REVIEW by Richard Rivera
TOMORROWLAND is one of those amazingly notable movies that inspires you to see the world in different ways that can alter your own future. Directed by Brad Bird—who is also one of the co-writers, and executive producers—Bird is well-equipped from his vast experience as director on The Simpsons, The Iron Giant, and Pixar's The Incredibles to tell an exciting adventurous tale.
It begins with an ambitious, inventive 11 year-old, Frank Walker, at the 1964
New York City World’s Fair, experiencing the most exciting and fantastic of discoveries: a glimpse into the world of Tomorrow. For those of us that actually walked through the exhibits of that 1964 World's Fair as youngsters and experienced the unbounded optimism that it elicited, this film inspires in a different way.

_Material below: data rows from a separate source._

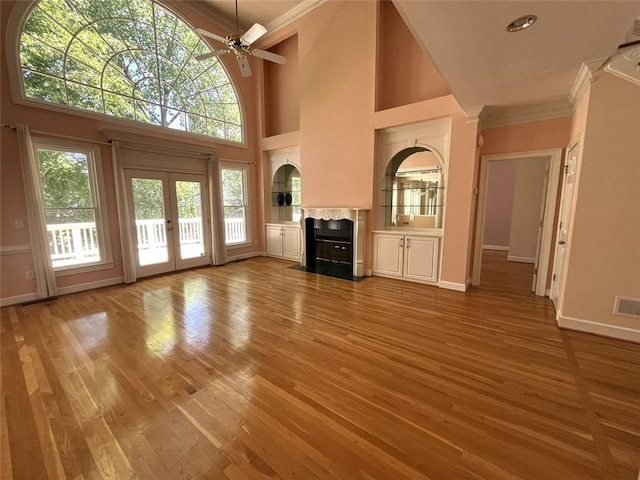 4770 Powers Park Ct NE, Marietta, GA 30067 - unfurnished living room with crown molding, ceiling fan, a towering ceiling, light wood-type flooring, and a fireplace with flush hearth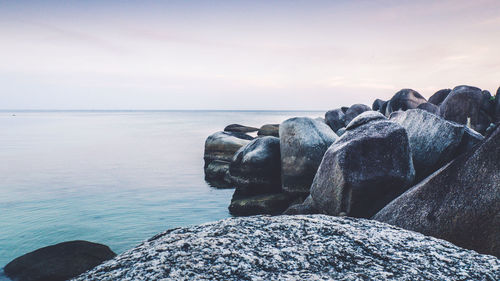 Rocks by sea against sky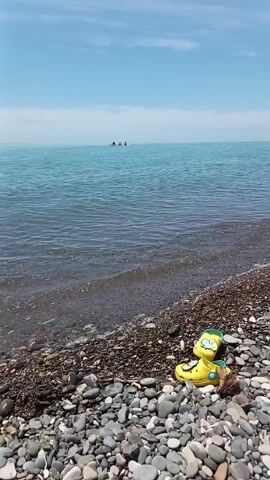 A sunny outdoor scene shows a pebbly beach with gentle waves washing ashore. The clear blue sea extends to the horizon under a light blue sky. In the mid-ground, a pair of yellow clogs with green accents rests on the dark pebbles. In the far distance on the water, several individuals are visible on what appears to be a small craft.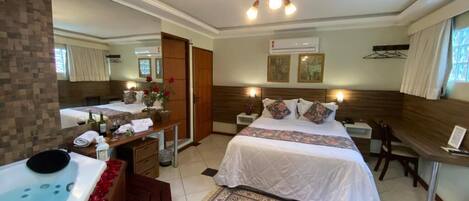 A hotel room with a large bed, a separate sitting area, a bathtub, and a desk with a chair.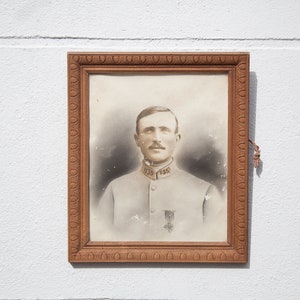Frame with military portrait, old wooden frame of a military man, wall decoration, frame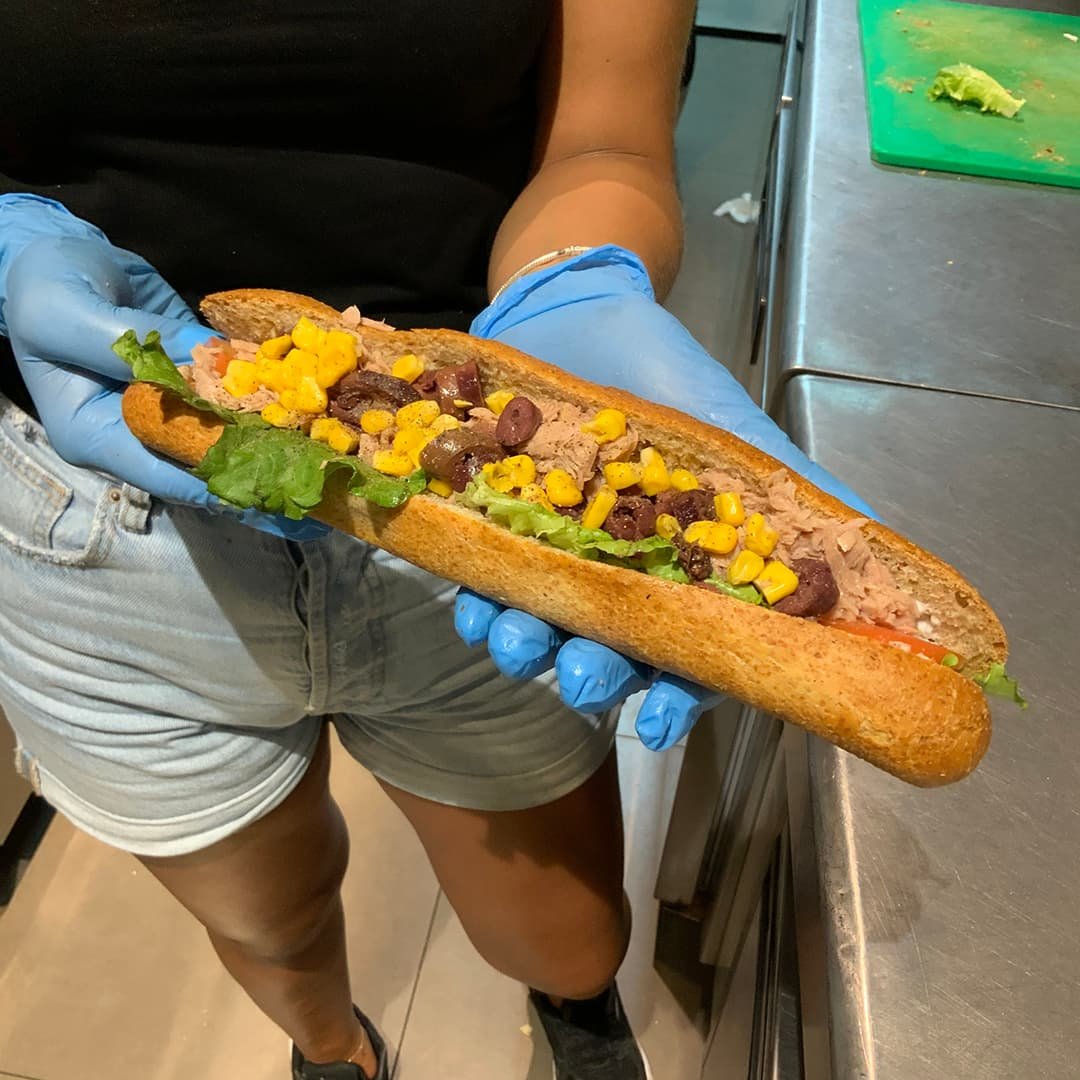 Baguette with breaded chicken, tomato and parmesan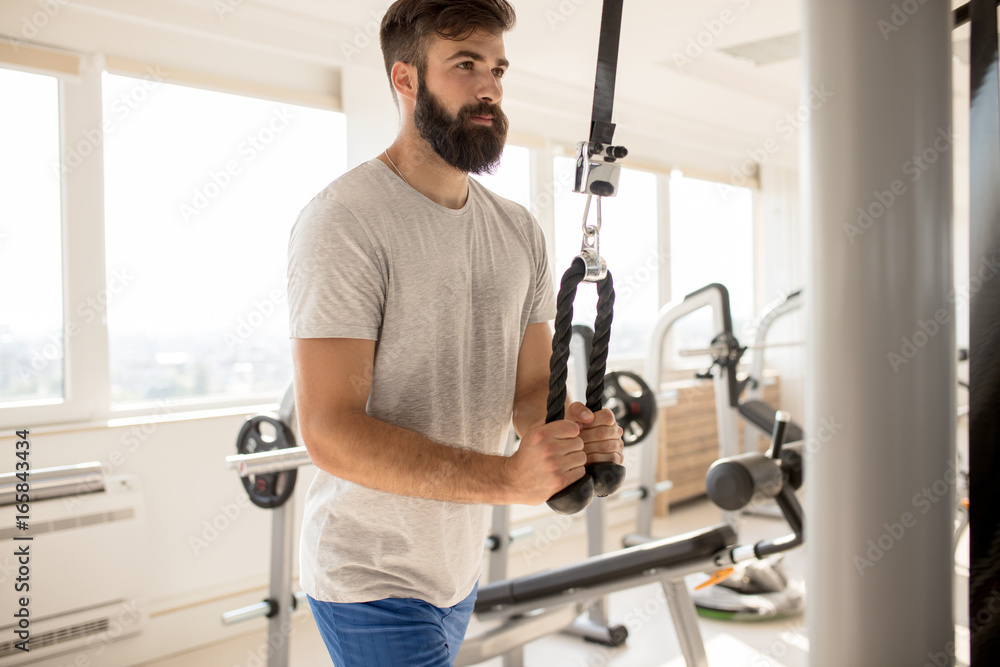 Fit man exercising at the gym on a machine Fit man exercising at the gym on a machine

In some ways it is a cautionary tale but in other ways it still taps into those feelings of exhilaration and the potential of what is possible.
George Clooney and Hugh Laurie head the cast with a remarkable group of young actors such as Britt Robertson, Raffey Cassidy, and Thomas Robinson (as Frank Walker, at age 11), that really bring this film to life.

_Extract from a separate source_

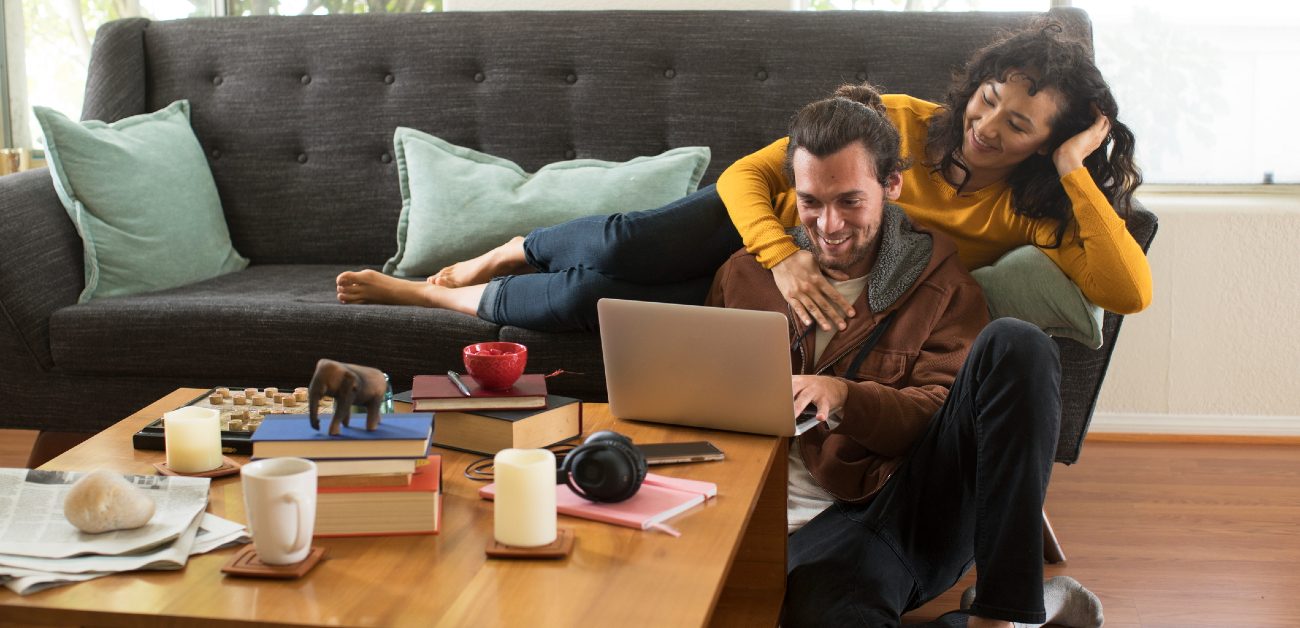 A man and a woman relax on their living room sofa while the man uses a laptop on the coffee table.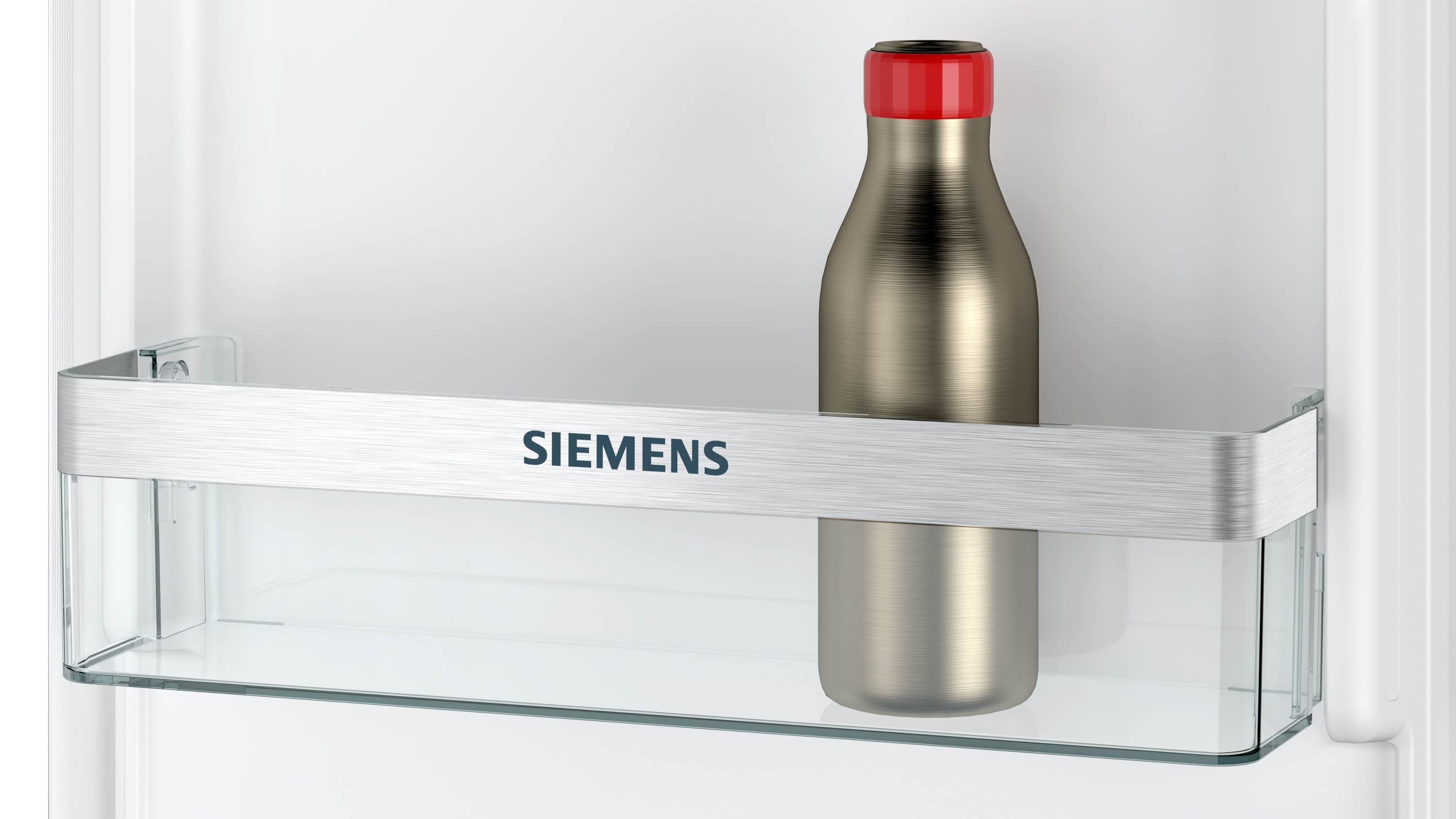 Silberne Flasche mit roter Kappe im Kühlschrankregal.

There are enough spectacular vistas, chases scenes, and eye-opening grin-inducing effects that tells you this summer film is geared to a young-adult crowd.
I will not spoil the surprises of the film’s intrigue and adventure but I will say this:
the gist of the film is that globally, the human race tends to reinforce its own bad news—floods, disasters, hunger, corruption, violence—with so much cynicism and negative thinking that we forget the upside: we have the potential for great change.
There are very few films that are as exhilarating and compelling while also inspiring us to “think different.” TOMORROWLAND is a thrilling, meaningful, and well-written adventure that is well-worth taking.